Various student activist groups came together on Wednesday for a “DISorientation” to voice their concerns on various actions taken by Ohio State.
Among their worries were a lack of a minimum-wage increase for campus employees, involving itself with human rights-violating companies, failure to support eco-friendly policies and failure to support victims of sexual misconduct.
Student leaders from Young Democratic Socialists of America, Student Farmworker Alliance, Renew OSU, International Socialist Organization and the OSU Coalition for Boycott, Divestment and Sanctions each gave presentations on their concerns with Ohio State that are most central to their groups.
“The main objective was to give a presentation on some of the exploitations and oppressions going on on campus and to show students ways that they could be involved in fighting back and to have a more just campus,” said Carrie Stratton, class of 2018 alumna and member of International Socialist Organization.
Rachael Birri, member of Student Farmworker Alliance and a third-year environmental science , presented her criticisms of Ohio State.
“They put in so much effort into hiding the things they don’t want to talk about and tout the things they are doing that oftentimes aren’t enough,” Birri said.
Student Farmworker Alliance claimed to have worked for the past few years to get Ohio State to remove Wendy’s from campus, citing that Wendy’s failed to sign the Fair Food Program, an initiative to support and protect the human rights of farm workers.
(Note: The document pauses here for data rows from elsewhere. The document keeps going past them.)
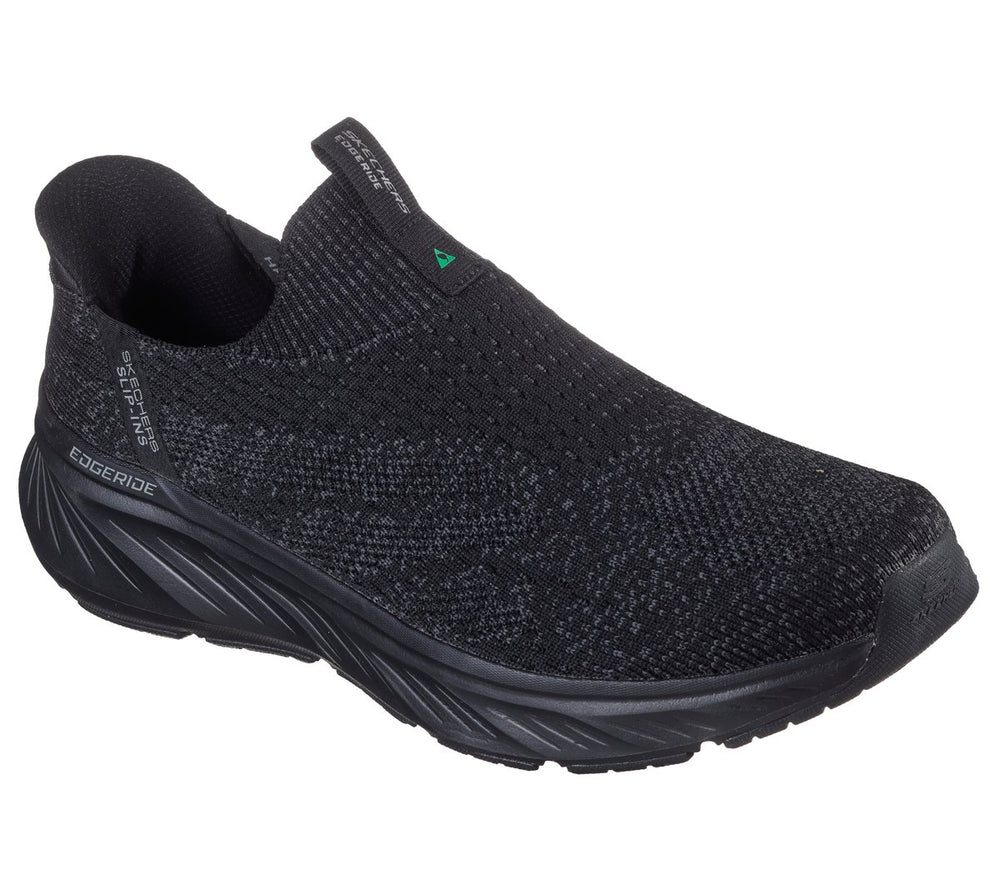 Slip-ins Relaxed Fit: Edgeride - Commissioner Skechers on sale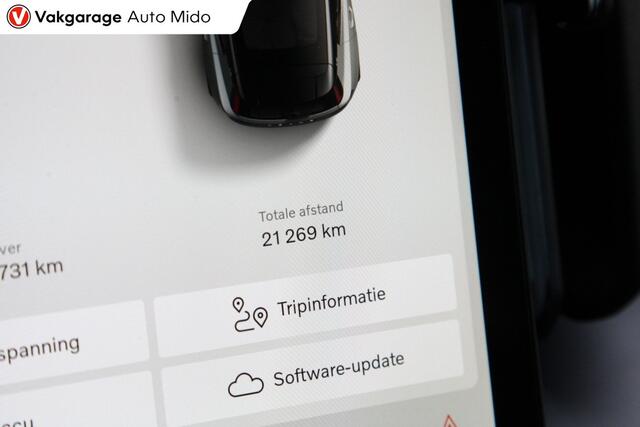 Volvo EX30 Extended Plus 69 kWh | NLD auto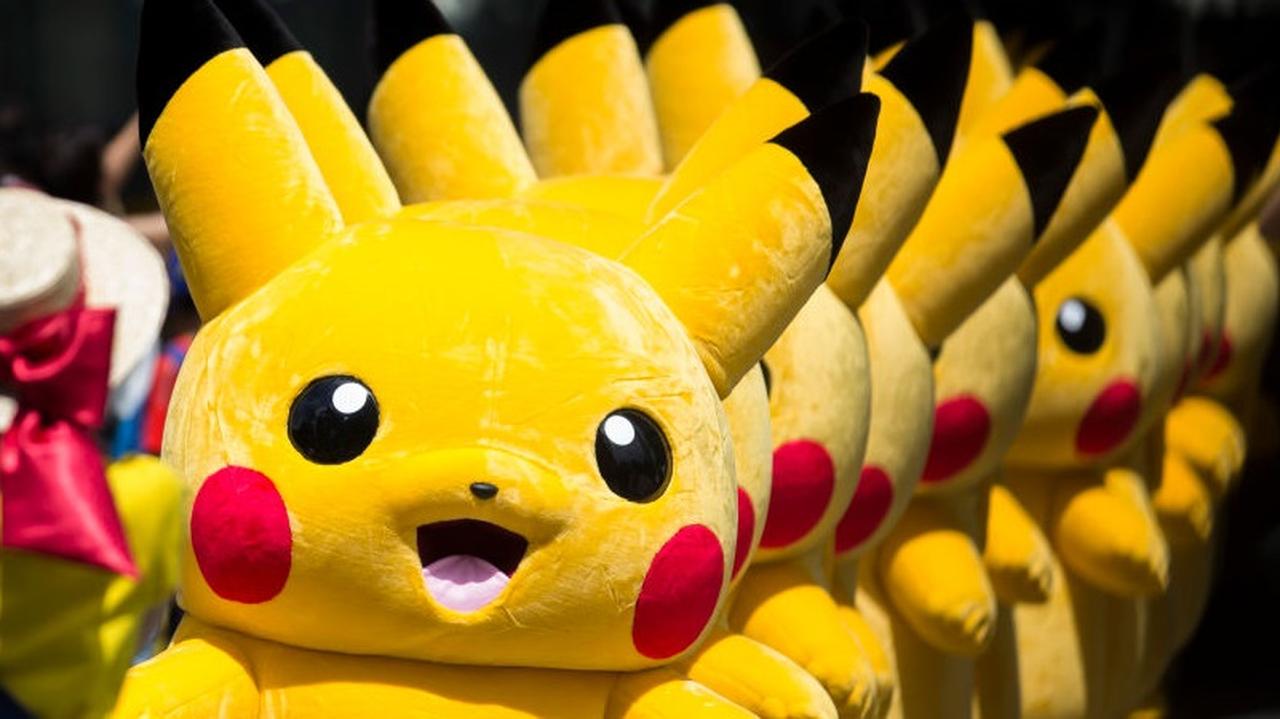 画像: イングランド代表、ポケモンと契約 - Qoly-Sports＆the Style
“It’s a model for ways that everyone could deal with sexual assault in any work place,” Birri said, noting her frustration with “the fact that OSU is saying that they are willing to support a corporation that is denying that model and a corporation that is refusing to stand by farm workers.”
In response to these claims, Ben Johnson, Ohio State’s director of media relations, said that the university has worked with Wendy’s to ensure that they source their produce from suppliers that provide their workers appropriate conditions.
“Ohio State engaged with Wendy’s actively for two years and, in early 2017, Wendy’s began implementing an improved supplier Code of Conduct,” Johnson said. “Ohio State has evaluated Wendy’s code and its audit methodologies for ensuring ongoing compliance by its suppliers. We are satisfied that Wendy’s code and its auditing practices meet or exceed industry standards and are consistent with university values and expectations.”
Presenters also acknowledged issues with sustainability on campus. Renew OSU presented Ohio State’s corporate investments and listed goals of OSU to and divest in companies that use fossil fuels and reduce its own fossil fuel usage.
“I’m an ecology student and I can’t get my head around the fact that we’re still invested in fossil fuels,” said Angel Brekalo, co-chair of YDSA and a fourth-year in evolution and ecology.
The connecting issue between all the groups, however, was Ohio State’s dissolving of the Sexual Civility and Empowerment Unit, a resource for survivors of sexual assault, in June. The organizations cited a number of reasons for Ohio State to implement more resources for survivors.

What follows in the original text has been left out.